Drive Angry (2011)
Crimes:
- Trying so hard to be a hilariously over-the-top cult movie that it feels strained, self-conscious, and self-important, especially for a movie about an undead Nicolas Cage breaking out of Hell to save his infant granddaughter from being sacrificed by Satanists
- Letting Cage dial down his performance to grimly inert levels instead of pushing him to be the hilariously wackadoo centerpiece that might have made the film fun-bad instead of just bad
- Ripping off the silly-ass “man fucks a woman while simultaneously shooting a room full of attackers” sequence from Shoot ’Em Up
- Wasting an excellent William Fichtner performance
Defender: Director Patrick Lussier and his co-writer, Todd Farmer
Tone of commentary: Egalitarian.

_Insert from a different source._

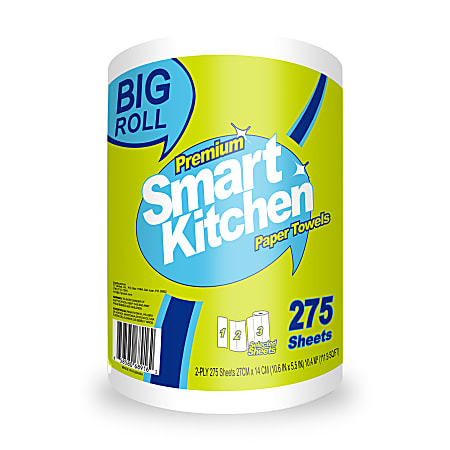 Smart Kitchen Paper Towels, 2-Ply, 275 Selected Sheets, White, Total Qty 1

Lussier and Farmer spend the commentary name-checking everyone who contributed to each scene, from the lines or actions that the actors tweaked to all the tech staff: It’s no huge surprise that love interest Amber Heard was the one who suggested she should be getting her toenails painted by a naked man in one shot, or that it was Nicolas Cage’s idea that he should be fully clothed during his sex scene. But in addition to the cast contributions, Lussier and Farmer go out of their way to identify and praise, for instance, the second-unit director who fished a dead snake out of a ditch and put it in the shot. And the producer who suggested Lussier should cut a laugh at the end of another shot. And the makeup guy who handled a gory effect. And the cinematographer who designed a shot, and the stuntman who pulled off a car jump without wiping out the cameras, and the location scout, the costume designer, the composer, the band who granted clearance for a song, the silent extras with weapons in a fight scene, the individual drivers in a chase sequence, and on and on and on. Their recall for detail and respect for their crew is impressive, but it makes the commentary feel like the world’s longest awards-ceremony thank-you speech.

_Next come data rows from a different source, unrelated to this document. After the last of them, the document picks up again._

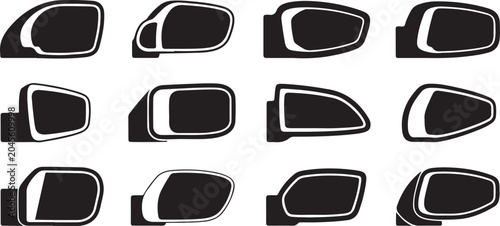 car mirrors silhouette collection of car side mirrors .Silhouette vector illustration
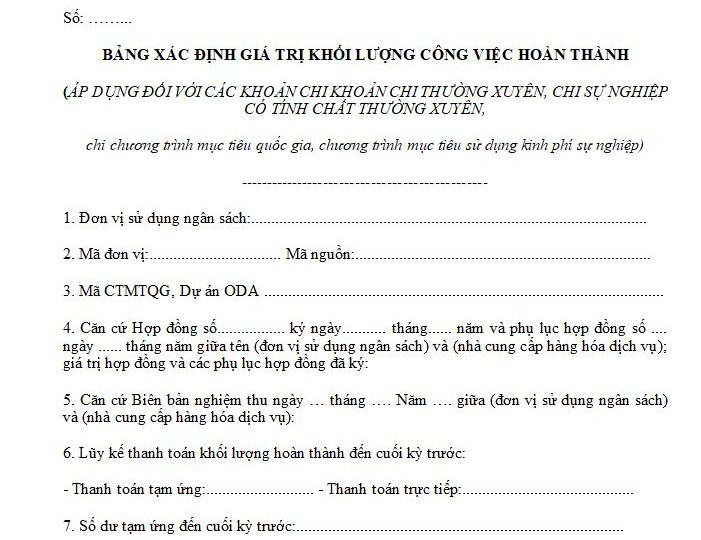 mẫu 08a-bảng xác định khối lượng công việc hoàn thành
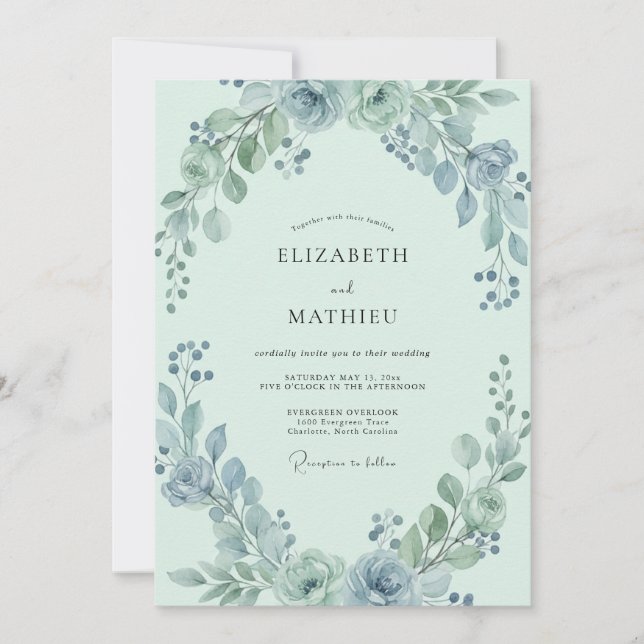 Invitación Boda de eucalipto azul acero espuma de mar (Anverso)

A few fun tidbits are scattered throughout: Apparently Drive Angry’s protagonist was originally written as a 70-year-old man, until Cage got involved and the idea was dropped. Cage signed onto the film after a three-minute meeting, saying he had to play the role because he’d never seen anything so crazy. And Farmer and Lussier both get adorably excited about little details in the film, like the neon sign for their bar Bull By The Balls, or the black headband covered in printed skulls, just because it’s so neat to them that they wrote these things on paper, and then their crew just created them.